Cieszyn Kultura i rozrywka

Z Marietą Żukowską nie tylko o „Próbie łuku”. Wierzy, że nie damy się zaszczuć stereotypom filmowym

fot. Małgorzata Krawczyk

Aktorka Marieta Żukowska była jednym z gości tegorocznej, 27. już edycji Kina Granicy po obu stronach Olzy. Opowiedziała nam o filmie „Próba łuku”, ale też o ważności kontrowersji w kinie i tym, jak wielkie znaczenie dla aktora ma kostium.

Spotkałyśmy się na 27. Kinie na Granicy w Cieszynie. Jak zareagowała Pani na zaproszenie Łukasza Maciejewskiego?

Znamy się już wiele lat, dlatego bardzo się ucieszyłam. Kiedy stawiałam pierwsze kroki w teatrze, współpracując z Mariuszem Grzegorzkiem, odkąd pamiętam Łukasz był dla mnie bardzo przychylny. Zawsze byłam przez niego mocno doceniana. „Kino na Granicy” było czwartym z kolei festiwalem, na którym pojawiłam się z „Próbą łuku”. Cieszy mnie każde spotkanie z publicznością i możliwość pokazania naszego filmu.

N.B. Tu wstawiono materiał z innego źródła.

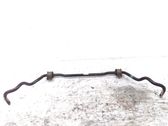 Front anti-roll bar/sway bar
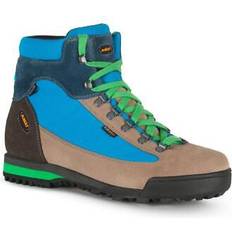 47 - Unisex Chukka Boots Aku Schuhe Trekking Slope Micro Gtx 88520635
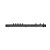 Arturia KeyStep Pro Black Edition
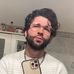 Profile Picture of Michael Paglini (Mike) (@michael.paglini) on Facebook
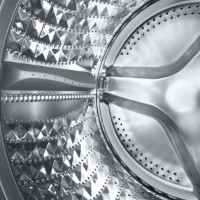 Стиральная машина Samsung WW90TA047AE/LP фото №4 — интернет-магазин Desire.md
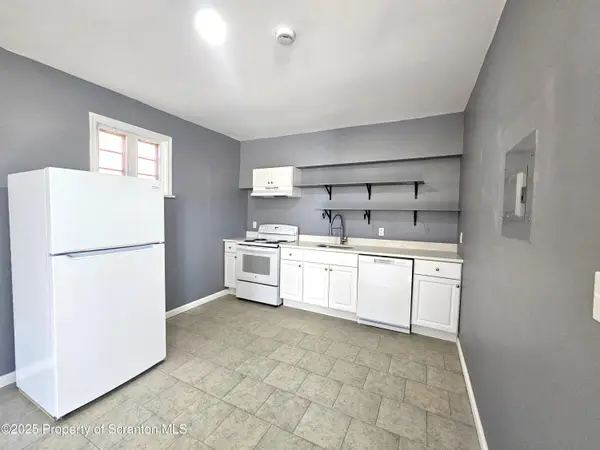 125 River ST #A, Olyphant, PA 18447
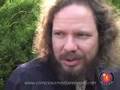 Preview of Interview with Robert Schoch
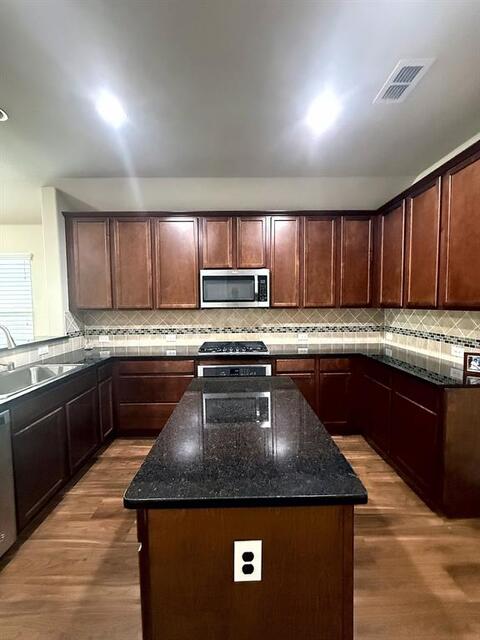 725 Bird Creek Drive, Little Elm, TX photo 5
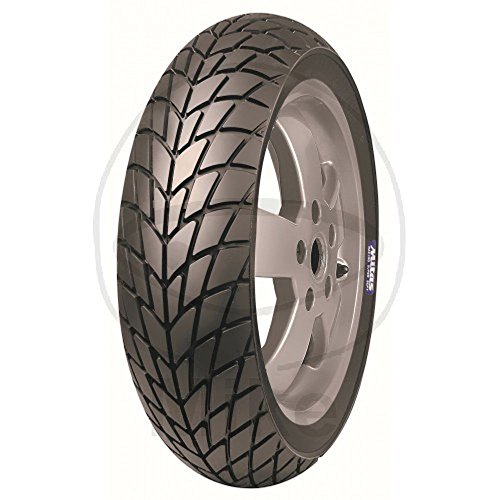 Pneumatici Mitas 3 50 10 Mc 20 Monsum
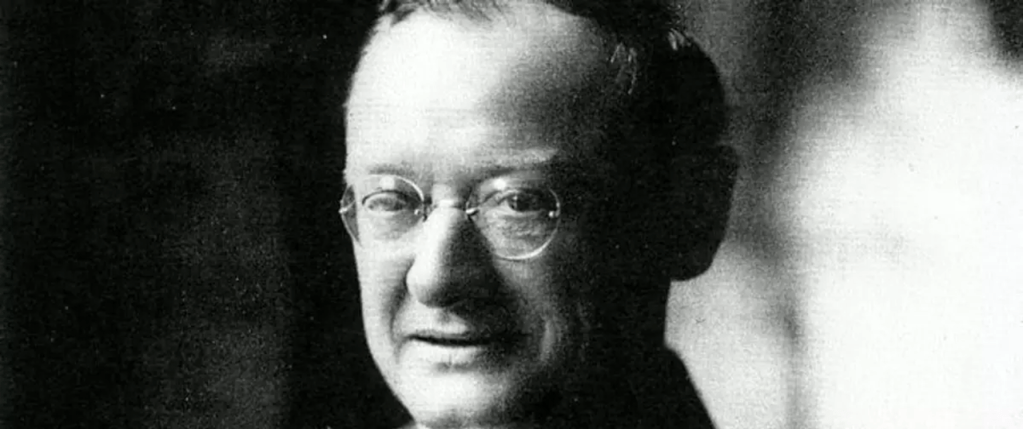 Atatürk’ü Ölümünde Yalnız Bırakmayan Alman Mimar: Bruno&nbsp;Taut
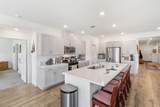 2630 Seiad Street - Photo 6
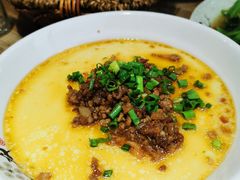 -土桥手掌鸡·26年灌县老味道(都江堰店)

Festiwal łączy kino polskie, czeskie i słowackie. Z czym kojarzą się Pani Czechy? Zadając to pytanie gościom festiwalowym na przestrzeni lat, najczęstsze skojarzenia, jakie słyszę, to przeważnie smażony ser i piwo.

Z Czechami mam same bardzo pozytywne skojarzenia. Uważam, że czeskie kino jest w świetnej kondycji. Nie brakuje w nim poczucia humoru, lekkości w prowadzeniu bohaterów, prowadzeniu narracji. Czesi są niezwykle przyjaznymi osobami.

Pani ulubieni czescy przedstawiciele literatury i świata filmu to…

Musiałabym się dłużej zastanowić, ale na pewno są to Miloš Forman oraz Věra Chytilová.

Do Cieszyna przyjechała Pani z filmem „Próba łuku” w reżyserii Łukasza Barczyka. Czy podczas seansu dla widzów festiwalowych Pani również go obejrzała?

Wcześniej widziałam nasz film już wiele razy. „Próba łuku” do kin trafiła 6 czerwca.

Z jakimi emocjami ogląda się film, którego jest się częścią? Tego chyba nie można do niczego innego porównać, prawda?

Za każdym razem są to bardzo duże emocje. To bardzo twórczy, wspaniały zawód, ale też wymagający, wystawiający nas aktorów cały czas na ocenę ludzi i ich gustów.

Co spowodowało, że zdecydowała się Pani tę rolę przyjąć? Co było dla Pani największym wyzwaniem w tej roli?

Łukasz jest fantastycznym, wręcz niezwykłym reżyserem. Jego punkt widzenia jest bardzo ciekawy. Filmy Łukasza od lat wzbudzają skrajne emocje. Praca z tak wiernym sztuce twórcą jest niezwykła i fascynująca. Mam szczęście do takich ludzi. Pracowałam z wieloma reżyserami m.in. Wojtkiem Smarzowskim, Barbarą Sas, Mariuszem Grzegorzkiem, ale też Patrykiem Vegą, który wzbudza kontrowersje.

Kontrowersje są potrzebne i dobre dla kina?

Kino według mnie powinno być „gorące,” wzbudzać emocje.

Chciałaby Pani kontynuować współpracę z Łukaszem Barczykiem przy okazji innych projektów?

Oczywiście, zawsze.

Co ciekawe, w „Próbie łuku” nie tylko Pani zagrała, ale była też odpowiedzialna za kostiumy.

To był mały film, więc nie pracował przy nim wielki sztab ludzi. Dzięki temu mogłam zająć się aktorami i zrealizować jedno ze swoich marzeń. Uwielbiam tworzyć postać. To niesamowite. Często, małymi, podkorowymi rzeczami, poprzez kostium, przekazujemy widzom pewnego rodzaju komunikat.

Co się czuje, mając wpływ na kostiumy postaci?

Jestem aktorką, dlatego wiem, jak w tym zawodzie kostium jest ważny. Kostium to taka druga skóra, a dobry kostium to taki, który kryje powierzchowność, żeby pokazać wnętrze postaci.

Dla Pani też ważne jest to, co nosi?

Tak. To moja frajda. Tak się wydarzyło, że w filmie, powstałym z potrzeby serca, mogłam zrealizować to marzenie.